Auch die Nie­der­sach­sen hat­te dem Geset­zes­ent­wurf in der gemein­sa­men Sit­zung eine Absa­ge erteilt. Bereits Ende Mai äußer­te ein Mit­glied der Kam­mer­ver­samm­lung, Den­nis Beer, sei­ne Beden­ken bezüg­lich der Plä­ne von CDU und SPD. Dienst­ver­pflich­tun­gen bei gleich­blei­ben­den Arbeits­be­din­gun­gen wür­den nur dazu füh­ren, den Pfle­ge­be­ruf noch unat­trak­ti­ver zu gestal­ten, als dies bereits der Fall ist. Statt­des­sen soll­te man mehr auf die Pfle­gen­den hören, sie wert­schät­zen und die beruf­li­chen Gege­ben­hei­ten ver­bes­sern. Schließ­lich sei die Bereit­schaft, das Pri­vat­le­ben in Kri­sen­zei­ten hin­ter den Beruf zu stel­len und neue Auf­ga­ben kla­ge­frei anzu­neh­men, selbst­ver­ständ­lich gege­ben, wie die letz­ten Wochen zeig­ten.

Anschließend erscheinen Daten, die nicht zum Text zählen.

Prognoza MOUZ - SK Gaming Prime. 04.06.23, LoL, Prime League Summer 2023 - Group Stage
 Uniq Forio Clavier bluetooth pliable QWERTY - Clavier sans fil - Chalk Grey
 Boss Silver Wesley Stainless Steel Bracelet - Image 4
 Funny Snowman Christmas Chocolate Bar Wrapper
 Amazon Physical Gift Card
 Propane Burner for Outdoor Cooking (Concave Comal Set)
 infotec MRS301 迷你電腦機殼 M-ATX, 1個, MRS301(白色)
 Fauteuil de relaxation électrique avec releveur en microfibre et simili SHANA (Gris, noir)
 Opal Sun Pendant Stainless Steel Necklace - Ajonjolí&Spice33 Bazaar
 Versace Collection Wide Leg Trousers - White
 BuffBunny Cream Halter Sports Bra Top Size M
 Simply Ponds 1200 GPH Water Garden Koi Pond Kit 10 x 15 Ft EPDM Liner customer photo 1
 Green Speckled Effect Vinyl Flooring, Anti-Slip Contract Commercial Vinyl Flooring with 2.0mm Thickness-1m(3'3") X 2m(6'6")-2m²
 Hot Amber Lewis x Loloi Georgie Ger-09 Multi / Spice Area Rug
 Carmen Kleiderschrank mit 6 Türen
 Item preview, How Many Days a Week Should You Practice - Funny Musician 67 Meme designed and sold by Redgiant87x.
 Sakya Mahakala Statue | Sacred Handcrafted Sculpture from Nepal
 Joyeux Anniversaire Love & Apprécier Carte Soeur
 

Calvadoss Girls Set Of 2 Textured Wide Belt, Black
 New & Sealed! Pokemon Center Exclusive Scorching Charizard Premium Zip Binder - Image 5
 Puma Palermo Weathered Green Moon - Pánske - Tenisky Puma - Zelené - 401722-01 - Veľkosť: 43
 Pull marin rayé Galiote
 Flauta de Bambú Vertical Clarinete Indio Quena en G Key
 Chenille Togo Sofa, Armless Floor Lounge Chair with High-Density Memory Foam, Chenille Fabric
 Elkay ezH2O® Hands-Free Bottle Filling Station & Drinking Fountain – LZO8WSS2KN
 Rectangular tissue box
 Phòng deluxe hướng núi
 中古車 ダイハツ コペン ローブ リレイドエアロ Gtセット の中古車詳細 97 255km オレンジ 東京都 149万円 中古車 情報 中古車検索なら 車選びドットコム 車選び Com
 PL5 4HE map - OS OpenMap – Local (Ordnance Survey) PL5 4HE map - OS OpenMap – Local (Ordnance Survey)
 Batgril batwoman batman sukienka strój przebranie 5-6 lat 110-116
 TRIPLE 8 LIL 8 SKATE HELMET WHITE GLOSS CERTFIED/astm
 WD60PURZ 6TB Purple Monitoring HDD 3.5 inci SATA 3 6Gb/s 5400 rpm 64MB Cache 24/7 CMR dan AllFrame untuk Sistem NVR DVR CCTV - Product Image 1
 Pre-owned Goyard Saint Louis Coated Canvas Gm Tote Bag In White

Einführung eines Freiwilligenregisters für Krisenzeiten

Ein ande­res Mit­glied der Kam­mer­ver­samm­lung, Eli­sa­beth Gleiß, schließt sich dem an. Die Pfle­ge­kam­mer Nie­der­sach­sen schlägt statt­des­sen den Auf­bau eines Frei­wil­li­gen­re­gis­ters im Vor­feld von Kri­sen vor, mit dem im Not­fall gezielt frei­wil­li­ges Per­so­nal gefun­den und ein­ge­setzt wer­den kön­ne. Der­zeit ver­fü­ge die Pfle­ge­kam­mer Nie­der­sa­chen bereits über ein Mel­de­re­gis­ter mit mehr als 90.000 gemel­de­ten Pfle­ge­fach­kräf­ten.

Tat­säch­lich kün­dig­te die Koali­ti­on an, ein sol­ches Regis­ter ins Leben zu rufen – sehr zur Freu­de auch des Mar­bur­ger Bun­des. „Dies ist wesent­lich sinn­vol­ler als die zunächst beab­sich­tig­te Rege­lung, die nicht nur poli­tisch, son­dern auch ver­fas­sungs­recht­lich völ­lig frag­wür­dig gewe­sen wäre“, so Ham­mer­schmidt.